Okay. Very clear, thank you
I think we have one more question.
Our final question comes from the line of Blake Fernandez from Howard Weil. Your question please.
Thanks for squeezing me in. Back on the deepwater, Roger's question, Mad Dog was noticeably absent and your partner and the operator has announced sanctioning there. Unless I missed it I don't believe we have heard from Chevron. So you can talk about that and whether that's in the 2017 budget.
We have a relatively small interest. We're not the operator, but yes, we work with the operator. We’ve been able to get cost down. They’ve taken FID. We have not yet taken FID, but I expect that we will.

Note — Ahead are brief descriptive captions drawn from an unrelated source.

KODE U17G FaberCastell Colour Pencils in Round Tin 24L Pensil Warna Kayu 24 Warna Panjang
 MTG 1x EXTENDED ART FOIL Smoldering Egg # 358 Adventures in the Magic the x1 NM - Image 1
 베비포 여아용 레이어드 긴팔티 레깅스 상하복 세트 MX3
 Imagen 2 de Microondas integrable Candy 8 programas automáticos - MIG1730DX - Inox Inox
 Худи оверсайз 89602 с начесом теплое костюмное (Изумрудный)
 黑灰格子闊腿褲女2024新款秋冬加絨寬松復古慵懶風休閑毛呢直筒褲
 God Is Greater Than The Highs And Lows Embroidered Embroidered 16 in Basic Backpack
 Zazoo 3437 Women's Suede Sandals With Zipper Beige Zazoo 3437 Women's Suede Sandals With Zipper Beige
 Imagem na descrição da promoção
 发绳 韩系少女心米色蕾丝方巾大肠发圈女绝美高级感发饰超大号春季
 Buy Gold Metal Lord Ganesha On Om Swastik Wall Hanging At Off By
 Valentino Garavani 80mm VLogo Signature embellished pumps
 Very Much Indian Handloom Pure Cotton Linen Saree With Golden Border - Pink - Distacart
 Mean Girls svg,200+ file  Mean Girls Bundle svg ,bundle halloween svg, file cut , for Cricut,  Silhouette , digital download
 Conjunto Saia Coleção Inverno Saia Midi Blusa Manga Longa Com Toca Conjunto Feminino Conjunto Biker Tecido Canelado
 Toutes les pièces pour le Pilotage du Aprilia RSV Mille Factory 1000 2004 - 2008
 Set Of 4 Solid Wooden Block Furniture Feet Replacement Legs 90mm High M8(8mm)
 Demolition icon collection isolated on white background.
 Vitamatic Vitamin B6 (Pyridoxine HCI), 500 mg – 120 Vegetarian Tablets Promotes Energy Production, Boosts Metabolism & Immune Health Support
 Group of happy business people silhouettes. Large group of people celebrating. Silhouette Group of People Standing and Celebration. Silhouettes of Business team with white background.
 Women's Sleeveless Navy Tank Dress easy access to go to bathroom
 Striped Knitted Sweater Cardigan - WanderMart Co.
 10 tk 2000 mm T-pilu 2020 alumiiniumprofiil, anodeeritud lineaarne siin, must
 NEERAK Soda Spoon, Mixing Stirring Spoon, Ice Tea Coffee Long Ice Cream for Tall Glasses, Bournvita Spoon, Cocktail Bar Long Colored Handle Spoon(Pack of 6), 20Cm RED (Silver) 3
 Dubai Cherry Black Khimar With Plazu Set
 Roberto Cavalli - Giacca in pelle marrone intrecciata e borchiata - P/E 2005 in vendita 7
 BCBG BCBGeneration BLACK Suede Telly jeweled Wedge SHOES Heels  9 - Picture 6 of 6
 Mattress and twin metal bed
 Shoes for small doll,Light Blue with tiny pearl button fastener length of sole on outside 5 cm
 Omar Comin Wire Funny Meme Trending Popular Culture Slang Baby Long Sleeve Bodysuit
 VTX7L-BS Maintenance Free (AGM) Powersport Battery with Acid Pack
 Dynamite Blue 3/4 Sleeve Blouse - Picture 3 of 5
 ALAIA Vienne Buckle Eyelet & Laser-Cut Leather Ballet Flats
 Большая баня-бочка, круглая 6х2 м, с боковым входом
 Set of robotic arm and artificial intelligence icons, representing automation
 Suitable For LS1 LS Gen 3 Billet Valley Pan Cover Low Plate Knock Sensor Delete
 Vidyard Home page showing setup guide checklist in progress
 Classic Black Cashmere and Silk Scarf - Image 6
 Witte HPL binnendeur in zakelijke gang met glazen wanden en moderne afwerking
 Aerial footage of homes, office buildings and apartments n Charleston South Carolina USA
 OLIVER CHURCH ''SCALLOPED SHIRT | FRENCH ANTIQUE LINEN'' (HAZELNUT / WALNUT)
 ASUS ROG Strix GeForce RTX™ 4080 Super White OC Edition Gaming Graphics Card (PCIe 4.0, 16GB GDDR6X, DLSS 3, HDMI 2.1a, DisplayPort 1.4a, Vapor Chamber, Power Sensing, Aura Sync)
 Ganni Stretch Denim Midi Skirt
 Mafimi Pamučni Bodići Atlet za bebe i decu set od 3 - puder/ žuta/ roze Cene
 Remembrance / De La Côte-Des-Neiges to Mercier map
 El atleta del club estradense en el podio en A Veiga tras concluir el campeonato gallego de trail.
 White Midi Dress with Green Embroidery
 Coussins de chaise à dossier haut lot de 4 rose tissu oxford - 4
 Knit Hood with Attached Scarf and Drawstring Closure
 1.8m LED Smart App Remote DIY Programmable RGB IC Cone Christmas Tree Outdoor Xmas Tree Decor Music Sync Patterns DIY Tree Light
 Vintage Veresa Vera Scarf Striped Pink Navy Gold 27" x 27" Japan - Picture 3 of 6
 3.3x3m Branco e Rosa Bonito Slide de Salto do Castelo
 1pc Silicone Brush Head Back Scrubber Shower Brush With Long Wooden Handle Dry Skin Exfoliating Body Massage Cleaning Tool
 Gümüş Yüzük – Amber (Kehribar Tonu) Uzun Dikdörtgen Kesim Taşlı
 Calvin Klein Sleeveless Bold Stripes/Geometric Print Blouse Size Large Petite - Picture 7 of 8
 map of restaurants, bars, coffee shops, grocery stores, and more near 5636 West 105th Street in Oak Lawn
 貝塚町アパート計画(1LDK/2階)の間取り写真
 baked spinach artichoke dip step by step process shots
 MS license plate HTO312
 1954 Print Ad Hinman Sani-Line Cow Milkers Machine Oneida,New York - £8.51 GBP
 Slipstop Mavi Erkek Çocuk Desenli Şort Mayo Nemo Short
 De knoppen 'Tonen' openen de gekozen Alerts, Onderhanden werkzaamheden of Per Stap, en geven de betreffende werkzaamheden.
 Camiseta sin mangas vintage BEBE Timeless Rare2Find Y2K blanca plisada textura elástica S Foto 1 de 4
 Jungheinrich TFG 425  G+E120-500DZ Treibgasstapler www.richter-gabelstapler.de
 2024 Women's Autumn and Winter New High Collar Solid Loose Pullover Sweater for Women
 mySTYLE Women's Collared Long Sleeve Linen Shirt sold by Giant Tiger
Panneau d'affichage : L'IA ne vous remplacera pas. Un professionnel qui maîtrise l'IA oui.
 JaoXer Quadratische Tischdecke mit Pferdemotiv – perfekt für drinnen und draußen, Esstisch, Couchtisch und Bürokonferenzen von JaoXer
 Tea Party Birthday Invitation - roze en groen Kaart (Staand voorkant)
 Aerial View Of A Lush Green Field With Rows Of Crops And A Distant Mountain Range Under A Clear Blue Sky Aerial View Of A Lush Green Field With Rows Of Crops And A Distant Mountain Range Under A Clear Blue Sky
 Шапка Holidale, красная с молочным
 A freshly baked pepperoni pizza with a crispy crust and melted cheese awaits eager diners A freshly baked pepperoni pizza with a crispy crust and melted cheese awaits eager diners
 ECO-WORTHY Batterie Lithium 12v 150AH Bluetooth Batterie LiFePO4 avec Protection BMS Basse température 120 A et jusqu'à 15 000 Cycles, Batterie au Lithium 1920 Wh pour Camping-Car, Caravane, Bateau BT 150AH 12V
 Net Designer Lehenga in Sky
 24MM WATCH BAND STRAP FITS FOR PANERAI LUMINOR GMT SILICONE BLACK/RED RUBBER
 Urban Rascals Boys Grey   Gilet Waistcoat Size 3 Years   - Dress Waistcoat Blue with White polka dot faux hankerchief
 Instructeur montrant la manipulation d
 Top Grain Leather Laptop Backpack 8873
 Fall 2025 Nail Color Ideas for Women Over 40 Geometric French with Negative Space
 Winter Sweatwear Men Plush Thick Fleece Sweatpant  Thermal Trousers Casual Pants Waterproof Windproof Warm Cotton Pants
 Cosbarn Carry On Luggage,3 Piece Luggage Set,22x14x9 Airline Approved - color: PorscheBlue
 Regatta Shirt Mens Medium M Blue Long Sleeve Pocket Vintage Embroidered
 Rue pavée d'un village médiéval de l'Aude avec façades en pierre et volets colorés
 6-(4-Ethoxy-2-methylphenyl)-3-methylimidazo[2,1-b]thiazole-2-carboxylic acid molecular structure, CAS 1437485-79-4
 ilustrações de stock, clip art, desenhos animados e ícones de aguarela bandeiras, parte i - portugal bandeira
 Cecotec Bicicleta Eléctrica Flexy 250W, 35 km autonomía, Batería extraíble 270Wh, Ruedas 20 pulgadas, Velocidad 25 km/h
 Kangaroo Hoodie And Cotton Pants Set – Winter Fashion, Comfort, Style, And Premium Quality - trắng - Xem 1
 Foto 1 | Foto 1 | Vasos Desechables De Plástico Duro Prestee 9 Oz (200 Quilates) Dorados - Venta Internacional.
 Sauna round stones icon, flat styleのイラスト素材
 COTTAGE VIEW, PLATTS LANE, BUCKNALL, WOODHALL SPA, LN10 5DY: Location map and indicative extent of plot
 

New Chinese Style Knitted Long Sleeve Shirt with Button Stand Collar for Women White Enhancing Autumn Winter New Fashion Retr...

Great. Okay. And the second question, Pat, this may be for you. But you mentioned about $4 billion of deferred tax. And I assume that that begins to be a net positive once the US Upstream is net income positive, which it was this quarter. So is it fair to think that that is kind of a cash contributor into next year or this year I should say?
I think it will be a cash contributor a partial cash contributor in 2017, yes. Because we have the ability in the U.S. to take some the tax losses and carry them back to earlier periods where we have taxable income. And depending upon what happens to prices and how we operate U.S. both upstream and downstream, we will get a schedule of repayments over time.
Okay. We went a little longer. I wanted to get as many of you in as I could. Thank you for your time today. We appreciate your interest in the company. We look forward to talking you again in March and until then, we’ll continue to prosecute our agenda. Thank you.
Ladies and gentlemen, this concludes Chevron's fourth quarter 2016 earnings conference call. You may now disconnect.